Freudian Psychoanalytic Psychotherapy is what i'm currently engaged in once a week, along with my usual Mind/Body work. The therapist seems to think i've suffered a lot of loss early on as a child, which is something i'd not considered up to press. Either way FPP is a strange system, but i have complete faith in the genius of Sigmund Freud.
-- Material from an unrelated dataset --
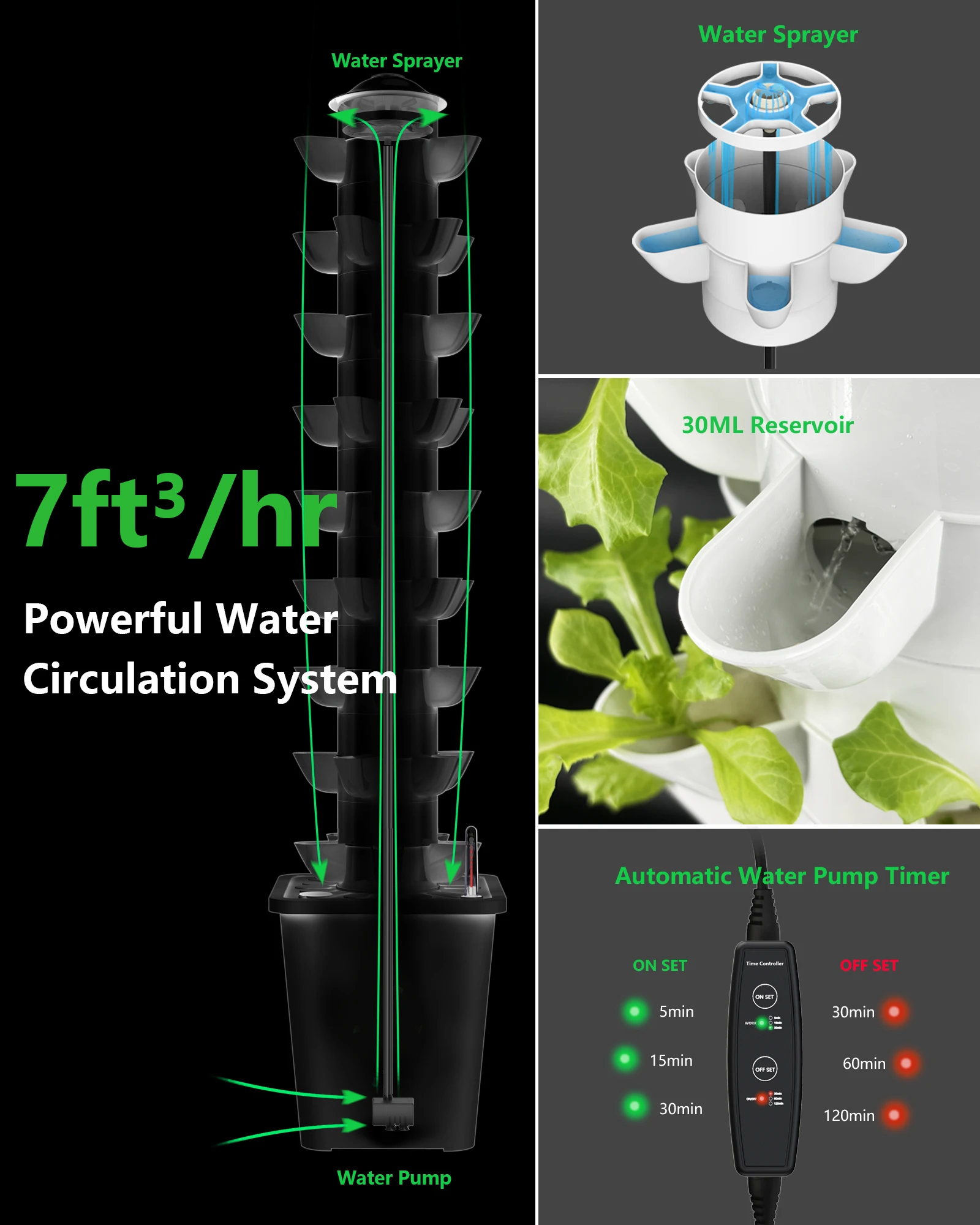 DPROOTS 30 Pods Indoor Vertical Hydroponics Growing Tower System for Herbs Vegetables Self-Watering Planting System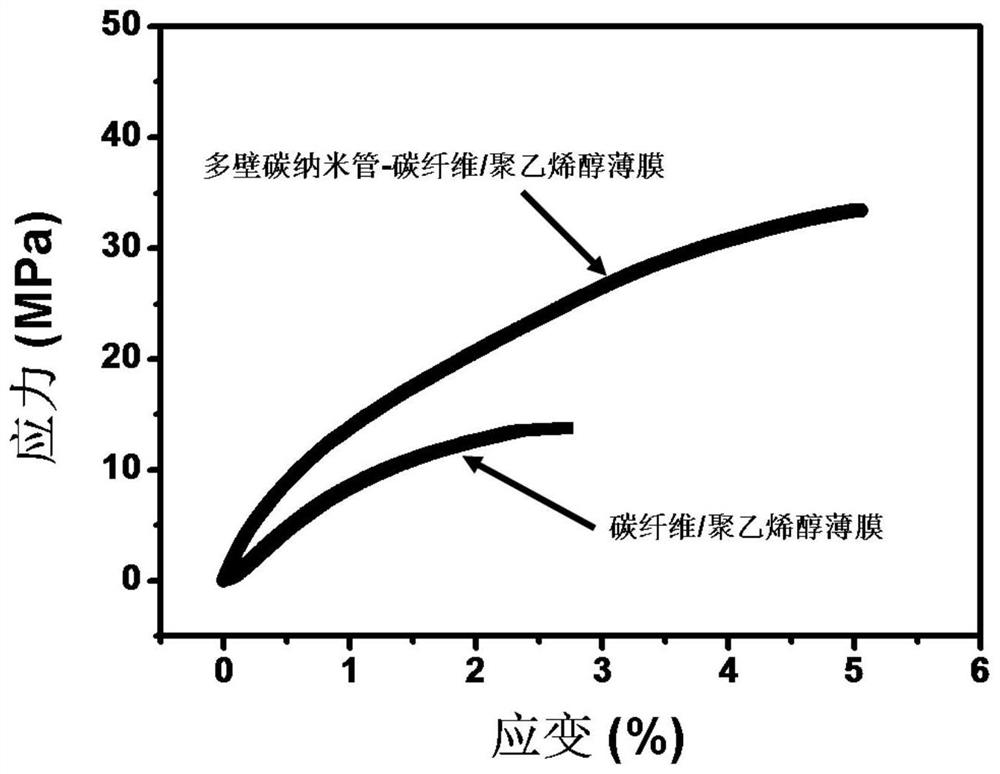 Carbon fiber reinforced resin film and preparation method thereof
I'm currently reading 'You can heal your life' by Louise Hay, a lady who used to teach terminally ill people to cure themselves with the power of their minds. It's another self-help system which one could all too easily pass off as snake oil, if it weren't for the fact that it seems to explain why my body hurts and why it hurts where it hurts. The NHS have failed me comprehensively with this hip problem, western medicine is now a dead-ended line of enquiry. Chinese Medicine has been a huge ray of light, and anything concerning the 'Mind Heals Body' 'Mind/Body Problem' paradigm is illuminating to say the least.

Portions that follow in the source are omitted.